Secondo Campi, Aron è di certo un liberale, ma in una prospettiva concreta, tutt’altro che vicina agli astrattismi dottrinali dell’antistatalismo a lui contemporanei: “Nel pensiero di Aron non si troveranno mai le invettive contro lo Stato e il potere tipiche di un certo liberalismo di matrice anarchica; mentre sarà facile rinvenire una grande attenzione ai complessi rapporti tra forze - sociali, politiche ed economiche - sui quali si regge qualunque collettività e che è appunto compito della politica cercare di governare, per evitare che tali rapporto divengano conflittuali e dunque potenzialmente distruttivi”.

Tale presa di posizione emerge in particolare dai saggi aroniani sul machiavellismo e costituisce un punto di contatto con il pensiero di Machiavelli: sia Aron, sia l’autore del Principe ammettono, infatti, il primato della politica e la separazione della sfera politica dalla morale. Il pensiero di Aron si può quindi ricondurre al “realismo politico” ma sempre considerando che il realismo aroniano, “partendo dall'evidenza dei fatti, non si arrende ad essi e non trascura i fini (anche morali) che ogni azione o attività politica tende a perseguire”.

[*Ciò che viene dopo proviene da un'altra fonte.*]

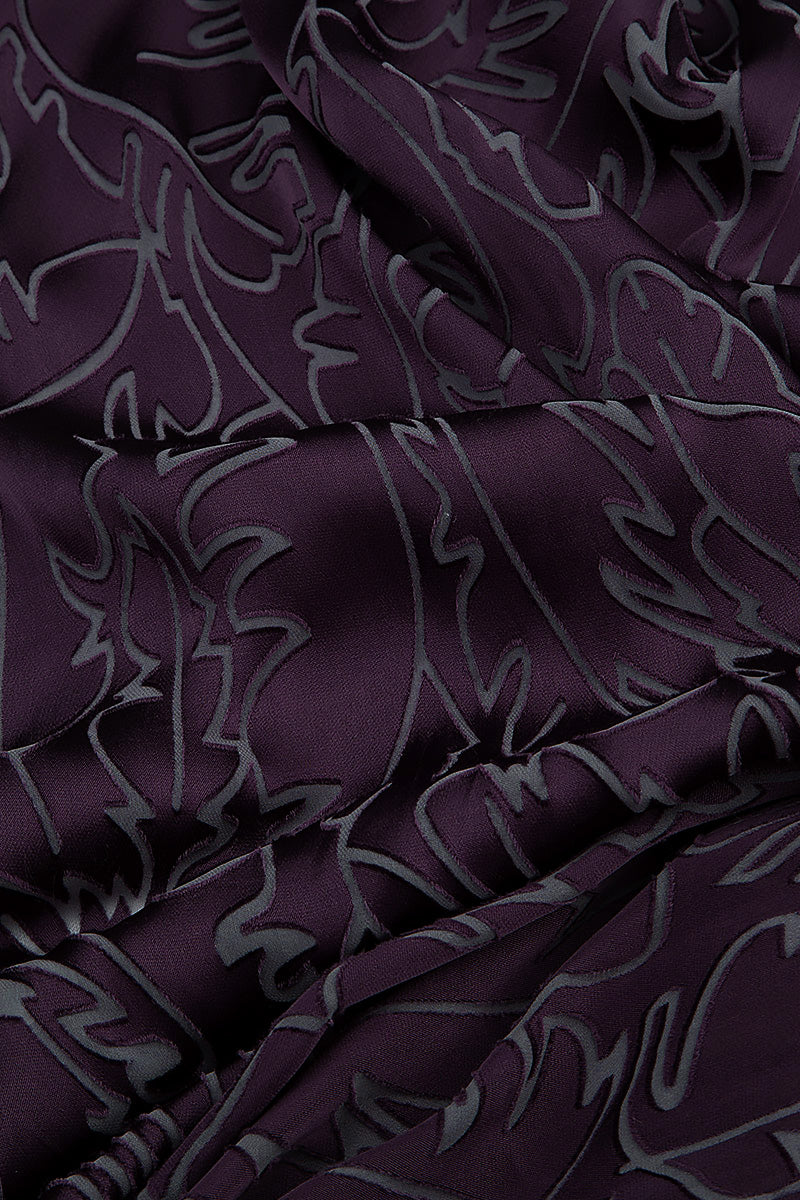 Draped Deep Plum Devoré Feather Silk Dress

I punti salienti di tale machiavellismo moderato, come spiega Campi, sono la “connessione politica-antropologia”, “l'idea che lo studio e la comprensione della politica non possano fare a meno di una determinata visione dell'uomo e dell'esistenza umana”, “l'autonomia (e il relativo primato) della politica rispetto alle altre sfere di attività umana”, “la critica all'ideologia e la polemica nei confronti dell'utopismo politico”, “la natura intrinsecamente polemica e conflittuale della politica” e “il rigetto del formalismo” tipici del pensiero di Aron. Non è un caso che lo stesso Raymond Aron si definisca un “discepolo liberale di Machiavelli”. 

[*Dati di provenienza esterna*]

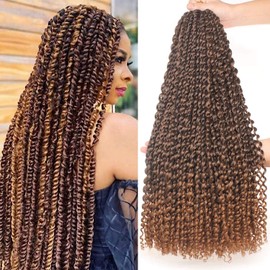 Leeven 24 Inch Ombre Color Water Wave Crochet Twist Hair for Butterfly Faux Locs 2 Packs Curly Passion Twist Crochet Hair for Black Women Pre-looped Braiding Hair Extensions T30#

Nel suo volume, Campi mette a confronto Aron con i grandi realisti del suo tempo, da Carl Schmitt a Julien Freund, da Gianfranco Miglio, passando per Hans Morgenthau, ma scrive che, se si vuole correttamente intendere il realismo aroniano, bisogna tenere in considerazione che esso “non ha nulla a che vedere con il cinismo, con il relativismo dei valori e con il compiacimento nichilistico di chi vede il mondo sempre eguale a se stesso”. 

Sempre improntato all’esercizio critico del dubbio ed al rigore nell’analisi, quella di Aron, dalla raccolta di Campi, sembra una lezione tanto più lucida e valida ai giorni nostri, epoca dominata dalla facilità dell’appiattimento intellettuale.